From the listing below, output only the lines starting at the line that has "moon amulet ring - Image 3" and ending at the line that has "used 2020 Porsche", exactly as they appear, ends included.

Records to process:

/---

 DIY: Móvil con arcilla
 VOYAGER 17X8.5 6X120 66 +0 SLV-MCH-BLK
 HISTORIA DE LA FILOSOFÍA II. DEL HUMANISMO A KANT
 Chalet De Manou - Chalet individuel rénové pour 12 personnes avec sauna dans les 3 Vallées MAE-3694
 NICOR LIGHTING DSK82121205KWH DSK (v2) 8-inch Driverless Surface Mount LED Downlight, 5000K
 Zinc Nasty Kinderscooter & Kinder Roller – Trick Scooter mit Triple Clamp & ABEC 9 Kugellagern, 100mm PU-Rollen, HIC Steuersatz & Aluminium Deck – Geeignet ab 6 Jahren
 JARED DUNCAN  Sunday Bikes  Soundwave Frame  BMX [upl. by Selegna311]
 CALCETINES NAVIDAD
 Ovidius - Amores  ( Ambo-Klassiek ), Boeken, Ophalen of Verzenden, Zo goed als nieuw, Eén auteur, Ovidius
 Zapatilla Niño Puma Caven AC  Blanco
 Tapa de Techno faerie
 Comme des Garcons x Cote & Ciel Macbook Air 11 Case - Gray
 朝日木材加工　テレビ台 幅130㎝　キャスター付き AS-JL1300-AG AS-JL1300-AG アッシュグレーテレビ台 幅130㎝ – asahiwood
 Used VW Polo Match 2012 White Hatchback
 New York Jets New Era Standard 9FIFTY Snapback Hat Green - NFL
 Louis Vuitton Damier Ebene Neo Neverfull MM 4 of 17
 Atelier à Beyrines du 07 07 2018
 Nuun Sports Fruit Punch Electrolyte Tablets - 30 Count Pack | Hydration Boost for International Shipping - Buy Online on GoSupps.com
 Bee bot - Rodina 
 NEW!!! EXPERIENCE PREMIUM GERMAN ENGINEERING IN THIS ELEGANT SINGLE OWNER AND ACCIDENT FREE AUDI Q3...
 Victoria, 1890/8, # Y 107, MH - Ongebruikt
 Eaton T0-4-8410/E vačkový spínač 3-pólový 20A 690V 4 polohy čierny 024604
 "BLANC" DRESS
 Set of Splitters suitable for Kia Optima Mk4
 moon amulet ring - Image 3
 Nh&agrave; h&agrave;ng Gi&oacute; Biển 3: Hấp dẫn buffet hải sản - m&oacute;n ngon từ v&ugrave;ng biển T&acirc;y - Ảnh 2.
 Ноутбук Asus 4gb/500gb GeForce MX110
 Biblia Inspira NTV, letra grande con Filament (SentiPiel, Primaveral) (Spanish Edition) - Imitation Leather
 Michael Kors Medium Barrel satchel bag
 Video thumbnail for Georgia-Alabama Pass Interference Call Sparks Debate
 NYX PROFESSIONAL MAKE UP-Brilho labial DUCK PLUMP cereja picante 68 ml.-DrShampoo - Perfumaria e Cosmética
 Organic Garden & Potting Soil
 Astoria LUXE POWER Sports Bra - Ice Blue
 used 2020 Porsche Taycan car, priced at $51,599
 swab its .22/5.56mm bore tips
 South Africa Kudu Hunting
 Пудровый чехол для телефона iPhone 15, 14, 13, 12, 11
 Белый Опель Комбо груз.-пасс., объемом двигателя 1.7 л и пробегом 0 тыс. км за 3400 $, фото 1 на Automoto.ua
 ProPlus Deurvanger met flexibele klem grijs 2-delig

\---

Result of the exercise:
 moon amulet ring - Image 3
 Nh&agrave; h&agrave;ng Gi&oacute; Biển 3: Hấp dẫn buffet hải sản - m&oacute;n ngon từ v&ugrave;ng biển T&acirc;y - Ảnh 2.
 Ноутбук Asus 4gb/500gb GeForce MX110
 Biblia Inspira NTV, letra grande con Filament (SentiPiel, Primaveral) (Spanish Edition) - Imitation Leather
 Michael Kors Medium Barrel satchel bag
 Video thumbnail for Georgia-Alabama Pass Interference Call Sparks Debate
 NYX PROFESSIONAL MAKE UP-Brilho labial DUCK PLUMP cereja picante 68 ml.-DrShampoo - Perfumaria e Cosmética
 Organic Garden & Potting Soil
 Astoria LUXE POWER Sports Bra - Ice Blue
 used 2020 Porsche Taycan car, priced at $51,599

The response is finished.